Heat 1 tablespoon oil in a large saute pan over medium-high heat. Add the bulgogi and cook until done, about 5 minutes. Transfer the bulgogi with its juices to a bowl and set aside.
Add butter to the same pan and heat until melted. Add the chopped onion and garlic, sauteing until the onion has softened, about 3-4 minutes. Add the chopped kimchi and cook until the kimchi has softened, about 5-6 minutes. Add the bulgogi back into the pan with the juices and stir to combine.
Add the cooked rice into the pan and stir well together. Add the kimchi juices, reduce heat to medium and continue to stir until every grain of rice is coated with the kimchi mixture. Taste and adjust seasoning, adding soy sauce or salt if needed. Portion the kimchi fried rice onto two plates.

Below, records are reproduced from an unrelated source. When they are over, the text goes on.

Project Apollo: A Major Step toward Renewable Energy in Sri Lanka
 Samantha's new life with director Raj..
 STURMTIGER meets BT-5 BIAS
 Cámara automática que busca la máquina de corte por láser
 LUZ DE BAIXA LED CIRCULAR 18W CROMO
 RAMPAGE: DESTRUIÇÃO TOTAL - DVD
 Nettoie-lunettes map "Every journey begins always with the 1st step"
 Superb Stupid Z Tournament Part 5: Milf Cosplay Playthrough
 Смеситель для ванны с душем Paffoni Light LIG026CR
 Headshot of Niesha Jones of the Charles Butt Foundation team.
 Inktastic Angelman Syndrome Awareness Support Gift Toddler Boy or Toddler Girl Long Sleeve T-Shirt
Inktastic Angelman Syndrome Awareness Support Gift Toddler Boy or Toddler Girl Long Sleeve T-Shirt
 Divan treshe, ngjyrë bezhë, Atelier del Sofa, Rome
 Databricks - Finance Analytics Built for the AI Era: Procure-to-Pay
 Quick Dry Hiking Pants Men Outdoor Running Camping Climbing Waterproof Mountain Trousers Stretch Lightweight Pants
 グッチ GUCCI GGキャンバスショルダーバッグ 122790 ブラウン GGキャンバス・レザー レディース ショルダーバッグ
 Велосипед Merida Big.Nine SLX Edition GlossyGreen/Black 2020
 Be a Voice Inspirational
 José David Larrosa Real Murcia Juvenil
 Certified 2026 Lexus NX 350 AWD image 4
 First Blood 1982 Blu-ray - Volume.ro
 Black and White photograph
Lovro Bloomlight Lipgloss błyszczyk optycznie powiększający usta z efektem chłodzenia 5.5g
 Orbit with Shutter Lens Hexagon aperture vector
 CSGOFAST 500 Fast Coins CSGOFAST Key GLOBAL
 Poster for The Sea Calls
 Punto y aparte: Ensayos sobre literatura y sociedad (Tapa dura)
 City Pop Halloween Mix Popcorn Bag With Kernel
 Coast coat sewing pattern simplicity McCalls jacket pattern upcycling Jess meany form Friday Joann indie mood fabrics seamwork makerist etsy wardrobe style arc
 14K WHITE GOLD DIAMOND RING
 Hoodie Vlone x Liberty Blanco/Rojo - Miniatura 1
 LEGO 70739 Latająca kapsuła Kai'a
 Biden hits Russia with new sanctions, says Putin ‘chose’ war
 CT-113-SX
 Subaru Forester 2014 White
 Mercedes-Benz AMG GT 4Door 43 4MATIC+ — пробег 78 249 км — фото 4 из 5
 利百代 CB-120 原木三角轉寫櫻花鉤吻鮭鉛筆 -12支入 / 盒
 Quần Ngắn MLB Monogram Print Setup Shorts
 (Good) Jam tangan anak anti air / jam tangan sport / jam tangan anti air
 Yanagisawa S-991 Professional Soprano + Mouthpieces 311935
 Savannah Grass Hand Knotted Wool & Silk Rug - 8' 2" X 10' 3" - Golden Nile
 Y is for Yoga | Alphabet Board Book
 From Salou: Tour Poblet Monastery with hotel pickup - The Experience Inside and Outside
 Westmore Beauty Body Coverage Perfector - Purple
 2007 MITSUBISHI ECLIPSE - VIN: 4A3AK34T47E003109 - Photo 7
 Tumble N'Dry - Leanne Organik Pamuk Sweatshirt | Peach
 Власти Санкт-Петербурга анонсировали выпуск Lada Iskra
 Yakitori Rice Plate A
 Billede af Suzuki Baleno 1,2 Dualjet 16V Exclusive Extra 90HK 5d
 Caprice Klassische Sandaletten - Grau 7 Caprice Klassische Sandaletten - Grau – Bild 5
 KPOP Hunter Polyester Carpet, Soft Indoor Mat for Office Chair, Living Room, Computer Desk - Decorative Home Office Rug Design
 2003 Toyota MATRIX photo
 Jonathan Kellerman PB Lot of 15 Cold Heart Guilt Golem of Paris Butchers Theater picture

Meanwhile, heat 1 teaspoon oil in a nonstick pan over medium heat. Whisk together the eggs with the salt. Pour half of the egg mixture into the pan and swirl the pan around to create an even layer of the egg. Once the eggs have set, flip the omelet over and cook on the other side. Remove from the pan and carefully lay on top of the kimchi fried rice. Repeat with the remaining egg. Serve with ketchup if desired.
Notes
You can find marinated bulgogi in Korean supermarkets or large Asian markets. You can also prepare the marinade at home and combine it with thinly sliced ribeye for homemade bulgogi.Season the fried rice with soy sauce and salt if needed. Storebought kimchi and bulgogi can vary in levels of saltiness so adjust the seasoning for the fried rice accordingly.